WHO: Former U.S. ambassador for War Crimes, David Scheffer
WHEN: Thursday, February 20, 2020. 5:00-7:00pm. Cash bar from 5-5:30; talk from 5:30-7:00.
WHERE: Hotel Santa Fe. 1501 Paseo de Peralta
TICKETS: $10 for members, $12 for nonmembers in advance. $12/15 at the door. Available here.
The Sit Room is a compelling story about the day by day decision-making that transpired in the Situation Room of the White House during the Bosnian war of the early 1990s, when Scheffer was on the Deputies Committee of the National Security Council and working as Senior Adviser and Counsel to then-U.S. Ambassador to the United Nations, Dr. Madeleine Albright. The book reveals three years of policy wrangling, mistakes, progress, tragedy, and finally a peace deal at Dayton in November 1995. With declassified documents and notes 25 years later, Scheffer has written the most probing narrative of secret decision-making in the famous Situation Room ever published. He compares that process to decision-making under the Trump Administration and the tumultuous reality of American foreign policy today.

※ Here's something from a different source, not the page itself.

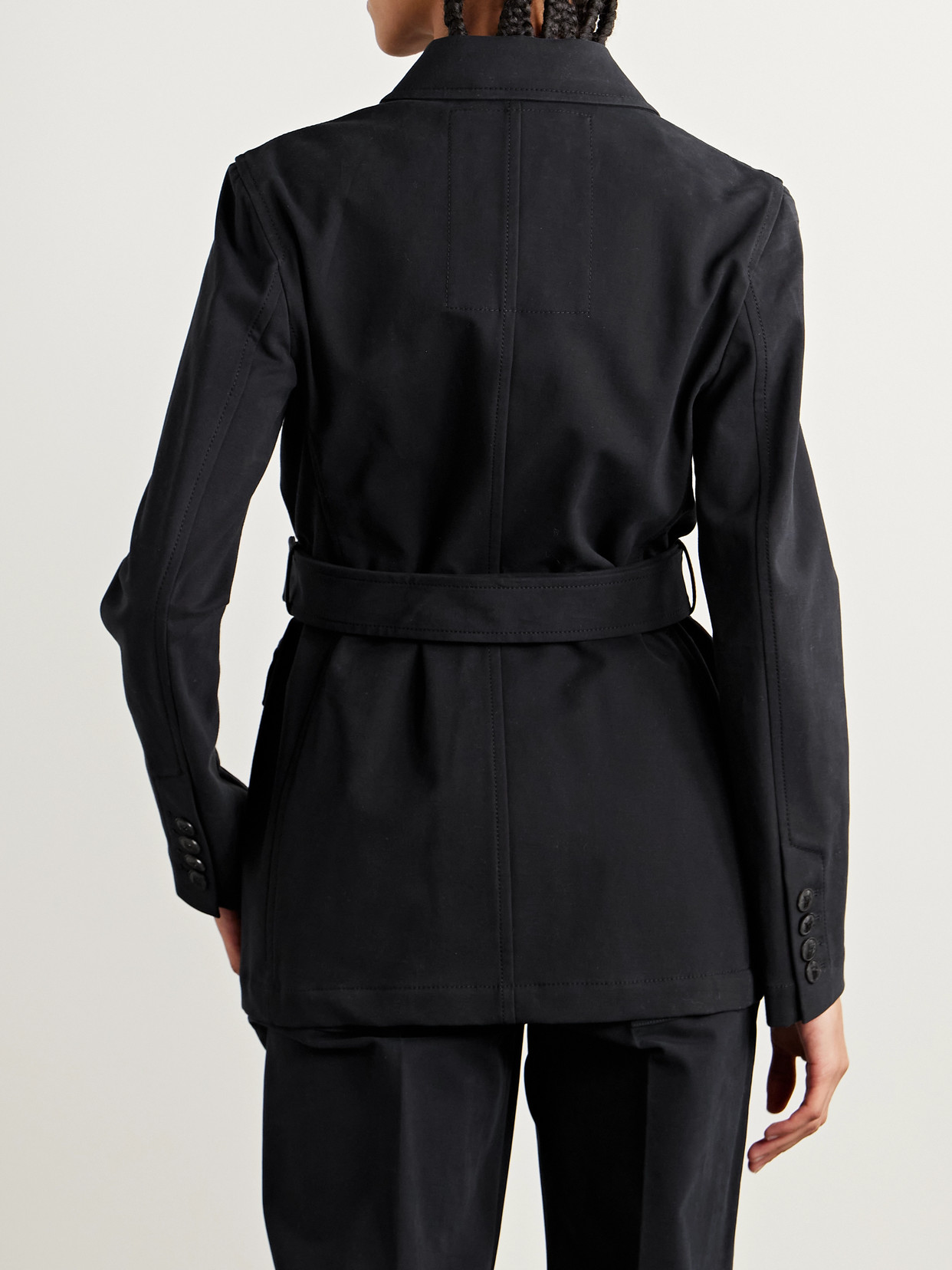 Veronica De Piante Amelia Belted Cotton-blend Jacket In Blue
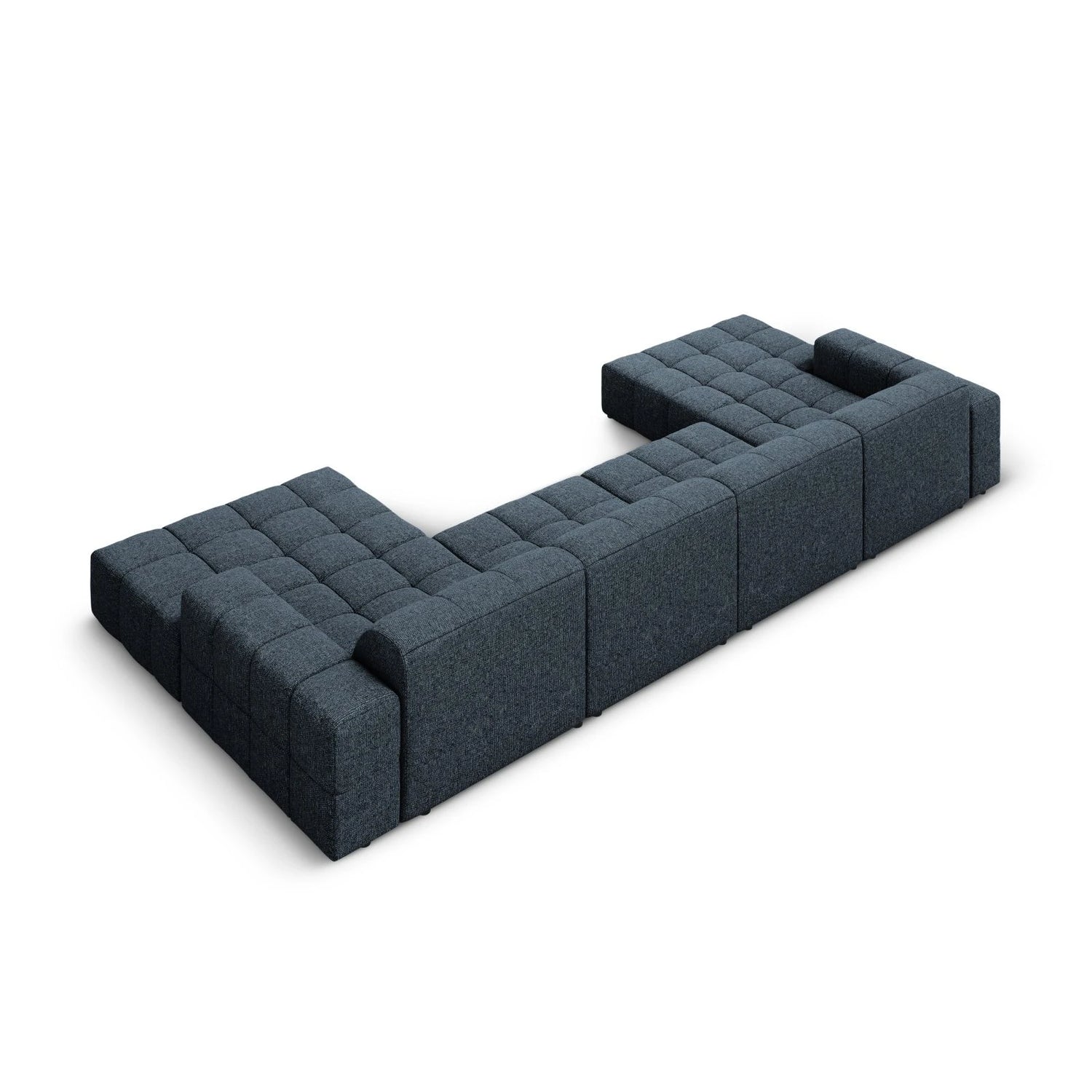 Jennifer Panorama-Sofa symmetrisch mit Bezug aus Chenille (Haga 86) in Königsblau, 364x166 cm – Bild 4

David Scheffer is the Mayer Brown/Robert A. Helman Professor of Law at Northwestern University Pritzker School of Law in Chicago. His long career spans private practice, staff positions on Capitol Hill, think tanks, government and U.N. service, NGOs, and academia. He was the first U.S. Ambassador at Large for War Crimes Issues (1997-2001) and led the U.S. delegation in the U.N. talks establishing the International Criminal Court. He signed the Rome Statute of the ICC on behalf of the United States on December 31, 2000. He negotiated the creation of five war crimes tribunals during the 1990s and was on the Deputies Committee of the National Security Council from 1993 to 1997. Ambassador Scheffer was the U.N. Secretary-General’s Special Expert on U.N. Assistance to the Khmer Rouge Trials (2012-2018).
He authored the award-winning All the Missing Souls: A Personal History of the War Crimes Tribunals (Princeton, 2012). He received the Berlin Prize of the American Academy in Berlin in 2013 and the Champion of Justice Award of the Center for Justice and Accountability in 2018. He was educated at Harvard College, Oxford University (where he was a Knox Fellow), and Georgetown University Law Center, and is a member of the New York and District of Columbia Bars. He publishes and speaks widely on foreign policy and international law issues. Ambassador Scheffer was born and raised in Oklahoma and has a residence in Santa Fe.